Definitely. When a voter is in the booth, and has to make their decision for
once and for all, name recognition and the opinion of your community matters a
ton. Further, the _type_ of social media content that is being produced is
painting him as sort of a benevolent, rich, goofy guy. It's intentionally
anti-establishment, but not in the radical way or the thoughtful way... it's a
safe type of rebellion and that is endearing to a massive amount of people.

> Does that open the door for his opponents to pretend to be Bloomberg's
> supporters but say ridiculous stuff to make people dislike him.

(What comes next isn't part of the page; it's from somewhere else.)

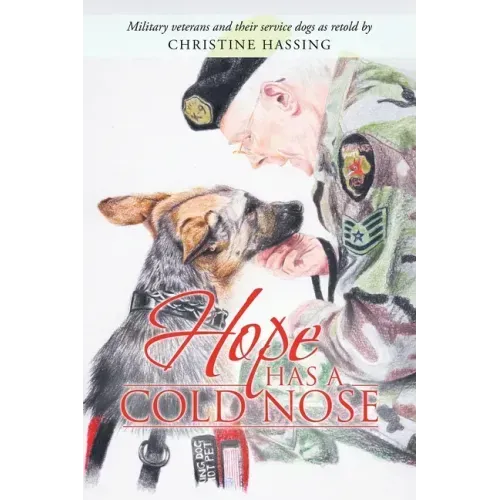 Hope Has a Cold Nose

This has happened for a while and will continue to happen, although this kind
of stuff is mainly isolated to niche Twitter... as we run up to election time,
I think you will see more of this Clickhole/Onion type posting of anti-
support-support.

------
pjlegato
Many here seem upset at the idea that Bloomberg is spending a lot of his own
money to run for president.

Running for president is very expensive. All other candidates are also
spending a lot of money -- but they're spending a lot of _other people's
money_, to whom they are now beholden. What do those other people expect to
get in return for their financial support? Surely they don't just give away
millions of hard earned dollars to install someone in the most powerful office
in the world out of faith in democracy. Donors and their groups -- especially
the large and important ones -- are almost always aligned with explicit policy
(and often persoanl) quid pro quo expectations, should the candidate win the
election.

Bloomberg, by contrast, is spending his own money. He's not beholden to
anyone's interests or greed or kickbacks or special interests. Whether you
like or dislike his policy proposals, surely this point, at least, is better
than a candidate with a wealthy donor network of obscure motives pulling the
strings behind the scenes.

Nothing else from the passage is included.